I'm reading a paper which asserts the following:
$$\sum_{n/2 < p \leq n} \frac{1}{p} \sim \frac{\log 2}{\log n}$$
follows from prime number theorem, where the sum is taken over $p$ prime. What is the explanation for this? I tried working it out using
$$\pi(x) \sim \frac{x}{\log(x)}$$
but didn't get anything useful.
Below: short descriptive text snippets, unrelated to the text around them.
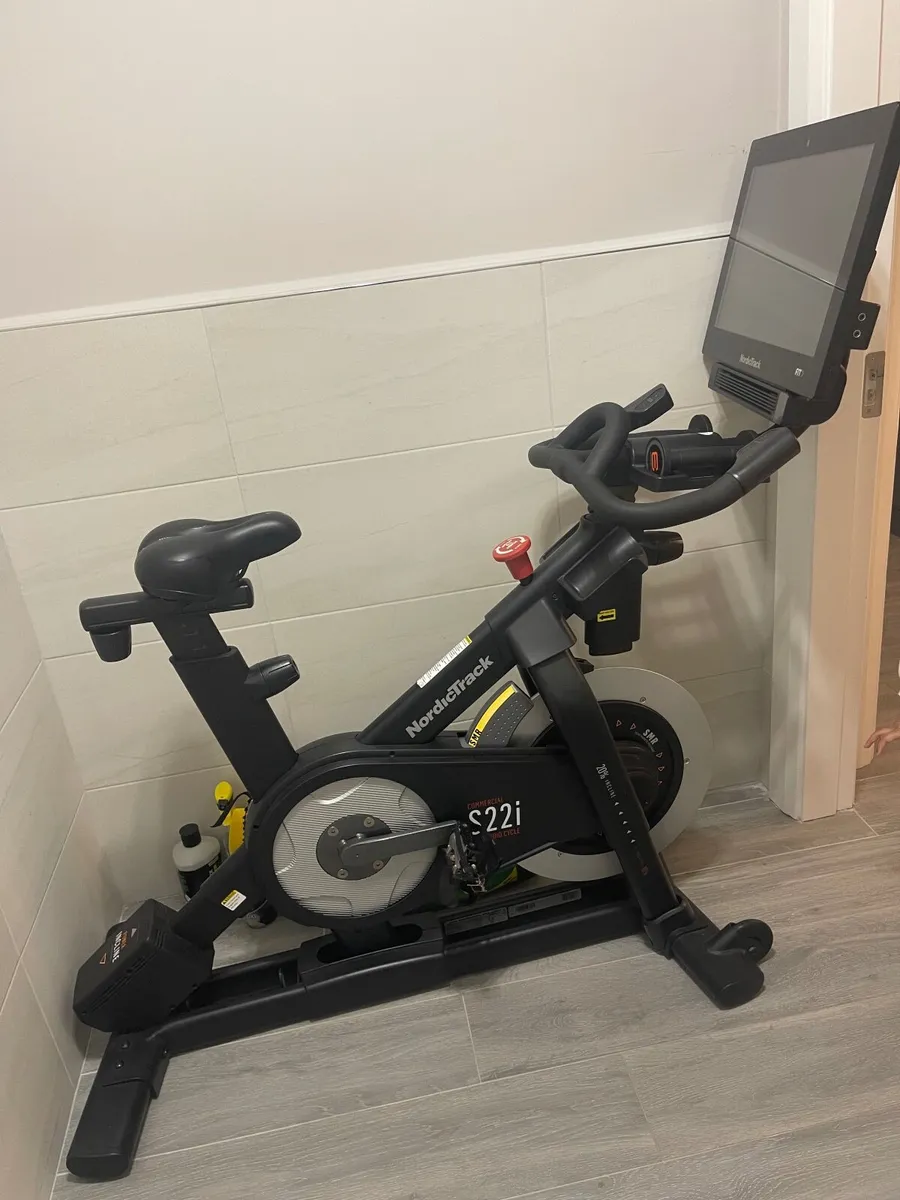 Exercise bike - Image 1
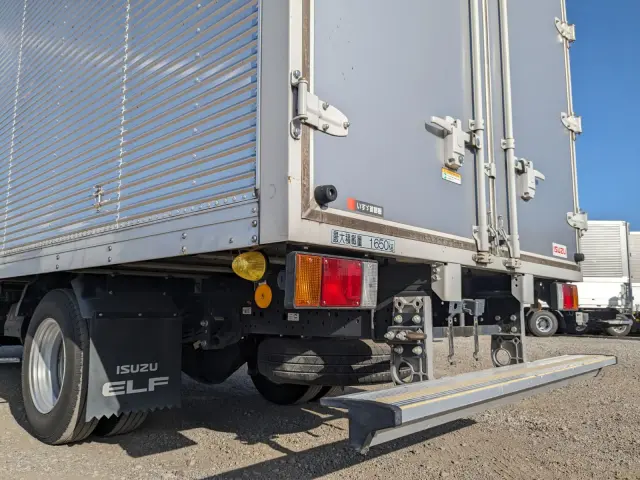 いすゞ エルフ 2RG-NNR88AN(2WD)の写真7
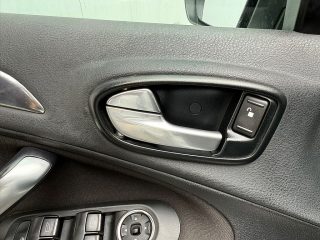 Ford S-MAX Titanium 2,0 TDCi DPF Aut. *Navi*Bluetooth*PDC*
Sorry if this question is easy, I don't have much experience with ANT.
We need a more information than just the PNT. What we need the following refined form of PNT.
$$ \pi(x) = \frac{x}{\log x}+O\left(\frac x{(\log x)^2}\right). $$
We can write your sum as (apply partial summation) $$ \int_{n/2}^n \frac{d\pi(t)}t = \frac{\pi(n)}{n} - \frac{\pi(n/2)}{n/2} + \int_{n/2}^n \frac{\pi(t)}{t^2} dt $$
Now, using the form of PNT above, we have $$ \int_{n/2}^n \frac{d\pi(t)}t = \int_{n/2}^n \frac{\pi(t)}{t^2} dt + O\left(\frac1{(\log n)^2}\right). $$
Using the form of PNT again, we have $$ \int_{n/2}^n \frac{\pi(t)}{t^2} dt=\log\log n - \log\log (n/2) +O\left(\frac 1{(\log n)^2}\right)$$
Since $\log\log n - \log\log(n/2) \sim \frac{\log 2}{\log n}$, we have the result.